Unternehmenssterben

Pleitewelle erfasst Berlin besonders schwer

Jetzt hat die Wirtschaftkrise Berlin voll erwischt. Die Zahl der Unternehmenspleiten ist drastisch gestiegen - über den bundesdeutschen Durchschnitt. Besonders kleinere und mittlere Unternehmen stecken in der Klemme: Ihnen mangelt es oft an Eigenkapital, doch in der Krise knausern die Banken mit Krediten.
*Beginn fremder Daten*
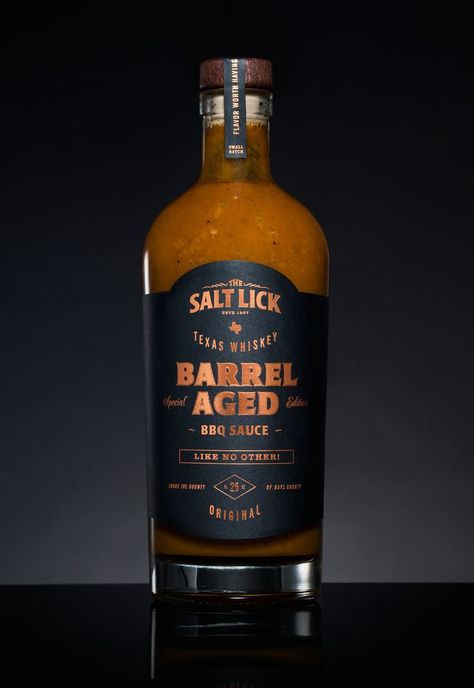 Salt Lick Whiskey Barrel-Aged BBQ Sauce — The Dieline - Branding & Packaging Design Hot Sauce Packaging, Sauce Packaging, Whiskey Packaging, Beautiful Packaging Design, Salt Lick, Package Design Inspiration, Whiskey Brands, Flavored Salts, Bottle Design Packaging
Die Wirtschaftskrise hat die Zahl der Unternehmenspleiten in Berlin drastisch in die Höhe getrieben. Im ersten Halbjahr 2009 meldeten 850 Firmen Insolvenz an – ein Zuwachs von 16,4 Prozent im Vergleich zu den ersten sechs Monaten des Vorjahres. Das geht aus Zahlen der Wirtschaftsauskunft Creditreform hervor, die Morgenpost Online exklusiv vorliegen.

Die Zahlen von Creditreform zeigen, dass das Firmensterben in der Hauptstadt rasanter voran schreitet als im bundesdeutschen Durchschnitt. Zählt man die Creditreform-Daten aller Bundesländer zusammen, kommt man auf 16.650 Unternehmenspleiten in ganz Deutschland. Der Zuwachs ist mit 14,3 Prozent ebenfalls beträchtlich, jedoch geringer als in der Hauptstadt.

Die höhere Pleiten-Dynamik erklärt sich mit der Wirtschaftsstruktur in Berlin. In Deutschlands größter Stadt dominieren kleinere und mittlere Unternehmen. Ihnen mangelt es oftmals an ausreichend Eigenkapital. Diese Unternehmen geraten nun besonders schnell ins Schlingern, da Banken angesichts der Finanzkrise bei der Kreditvergabe knausern, mehr Sicherheiten verlangen und riskante Finanzierungen scheuen.

Creditreform: Pleite-Höhepunkt erreicht

Zu den bekanntesten Berliner Unternehmen, die im ersten Halbjahr 2009 in die Insolvenz rutschten, zählen drei Autohäuser der Kroyman-Gruppe, der Sicherheitsdienst B.O.S.S. aus Weißensee und der Fernsehsender FAB.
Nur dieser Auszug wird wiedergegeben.